Mehmed MAKSUT
KAYIP BİR FİDAN
Doğu’nun en olumsuz şartlarında kendini Kur’an’ın davasına adayarak İslami faaliyetlere öncülük eden, birçok Müslümanın yetişmesine vesile olan ve 11 Eylül 1994’te kaçırılıp bir daha haber alınamayan değerli mütefekkir ve mücadele insanı “MUHAMMED FİDAN GÜNGÖR’E…”
---KAYIP BİR FİDAN---
İnfazını bekleyen bir mahkûmun elinden
Ufuklara kanatlanan özgürlük kuşlarıyla sana selam söyledim.
Sınırları mayınlarla çevrili,
Acılarla hemhal olmuş şehirlerde hep seni bekledim.
Bahara, hüzünle giren ciwanlar nasıl bakarsa ufuklara,
Gittiğinden beri uzaktan gelen kuşlara öylece bakıyorum Ey Fidan…
Seni anlatmaya dilim,
Yazmaya elim,
Kaldırmaya bileğim yetmese de
Yüreğimden aldığım cesaretle
Kırık ve mahzun da olsa
Tükenmeye yüz tutmuş kalemimle yazacağım seni Ey Fidan…
Acıların diyarında atılmıştın toprağa.
Topraklar Arabistan vahaları gibi çoraktı.
Köyler zulümlerden dolayı ıssız kalmıştı.
Yürekler zindana atılan Yusuf’lar gibi
Yalnızlığın soğuk yüzüne terk edilmişti.
Gelmiyordu bir türlü beklenen rahmet yağmurları.
Kavrulmuşken toprak,
Susuzluktan çatlamışken yürekler,
Anaların, ağıtlar eşliğinde söylediği dualarla
Sen ekildin toprağa.
Zulüm dolu diyarlarda adalete vurgun olarak boy verdin.
Çoraklığa bir umut olmak,
Direnişe bir taş olmak için çıktın mücadele meydanlarına.

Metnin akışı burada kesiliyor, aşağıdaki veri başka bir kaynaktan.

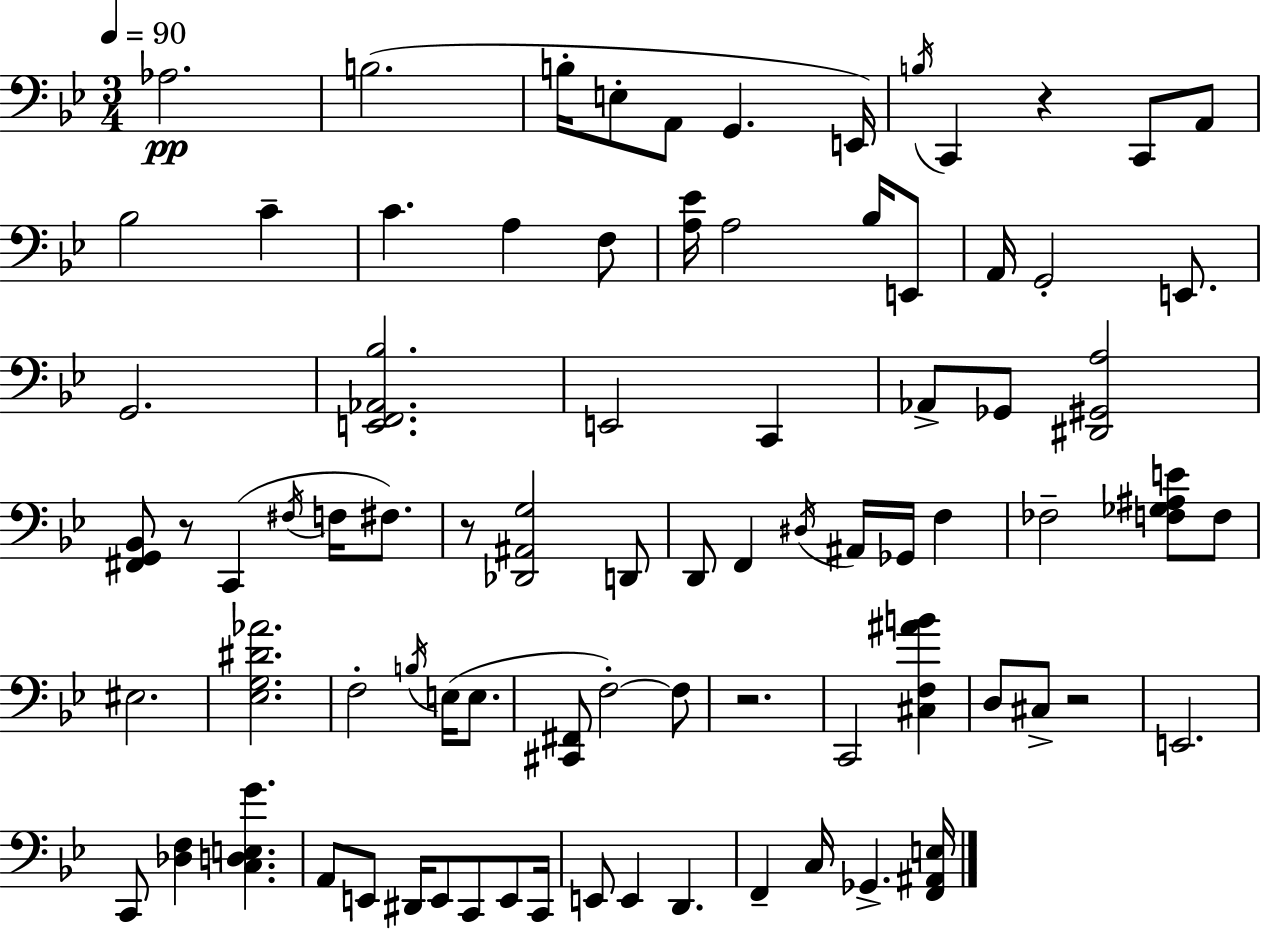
X:1
T:Untitled
M:3/4
L:1/4
K:Gm
_A,2 B,2 B,/4 E,/2 A,,/2 G,, E,,/4 B,/4 C,, z C,,/2 A,,/2 _B,2 C C A, F,/2 [A,_E]/4 A,2 _B,/4 E,,/2 A,,/4 G,,2 E,,/2 G,,2 [E,,F,,_A,,_B,]2 E,,2 C,, _A,,/2 _G,,/2 [^D,,^G,,A,]2 [^F,,G,,_B,,]/2 z/2 C,, ^F,/4 F,/4 ^F,/2 z/2 [_D,,^A,,G,]2 D,,/2 D,,/2 F,, ^D,/4 ^A,,/4 _G,,/4 F, _F,2 [F,_G,^A,E]/2 F,/2 ^E,2 [_E,G,^D_A]2 F,2 B,/4 E,/4 E,/2 [^C,,^F,,]/2 F,2 F,/2 z2 C,,2 [^C,F,^AB] D,/2 ^C,/2 z2 E,,2 C,,/2 [_D,F,] [C,D,E,G] A,,/2 E,,/2 ^D,,/4 E,,/2 C,,/2 E,,/2 C,,/4 E,,/2 E,, D,, F,, C,/4 _G,, [F,,^A,,E,]/4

Gözlerinde fer kalmamış çocuklara ışıktın, aştın.
Şahitler için sevdaydın.
Maşuklar için aşktın,
Sen, yeşerip küfrü korkutacak bir Fidan’dın.
Muhammed’i davanın Hüseyni varisiydin.
Zor zamanlarda kuşandın davanı.
Heybende iman, umud, anaların duaları vardı.
Dostlarının samimi emekleriyle
Heyhat mine’z -zille nidasıyla
Çıktın Amed’in meydanlarına.
Meydanlar karanlıktı.
Yollar pusluydu.
Hz. Hüseyin’lerin sancağı yerde kalmamalı diyerek
Despotluklara karşı ilmin ve cesaretinle dikildin.
Sen, karanlığın fecre dönüşmesi için adadın kendini Hüseyin’ce.
Hüseyinler, davaları için izzeti zillete tercih edip
Korkmadan, arkaya bakmadan yola koyulurlar…
Ey izzetten yana tercihte bulunup yola koyulan Fidan!
Sen ilmin, kardeşliğin, samimiyetin, sebatın, fedakârlığın menziliydin.
Kalemin rahmete, yüreğin kardeşliğe, zamanın ümmete adanmıştı.
Hira’lardan beklenen aydınlıklar doğmalıydı.
İslam’ın sancağını eliyle değil
Yüreğiyle taşıyanlar nasıl Taif’lerde taşlandıysa,
İftiralara uğradıysa, bedeller ödediyse…
Tüm bunları göze alarak
Sen de taşıdın tevhidin sancağını.
Ve kutlu arkadaşlarının
Acılarına, öldürülmelerine, sürülmelerine,
Medrese-i Yusufiyelerde işkencelerden nasıl geçtiğini biliyorum.
Biliyorum bunlar yakıyordu yüreğini Ey Fidan.
Düşen canlarla düşüyordun,
Sürülen mazlumlarla muhacirliği yaşıyordun,
İşkencelerde Allah diyen yüreklilere
Sende eşlik ediyordun biliyorum.
Çünkü sen mazlumun yareniydin.
Kaldıramadılar seni Ey Fidan
Filizlenmeden koparmaya çalıştılar.
Seni yıldırmadı çektiğin acılar, duyduğun tehditler.
Şimdi sen yoksun aramızda
Eksik bir yanımız
Yüreğimizdeki özlemlerle
Dilimizdeki dualarla
Senin davana adandığına şahitlik etmek için
Ruz-i mahşerde Rabbimizin makamında duracağız.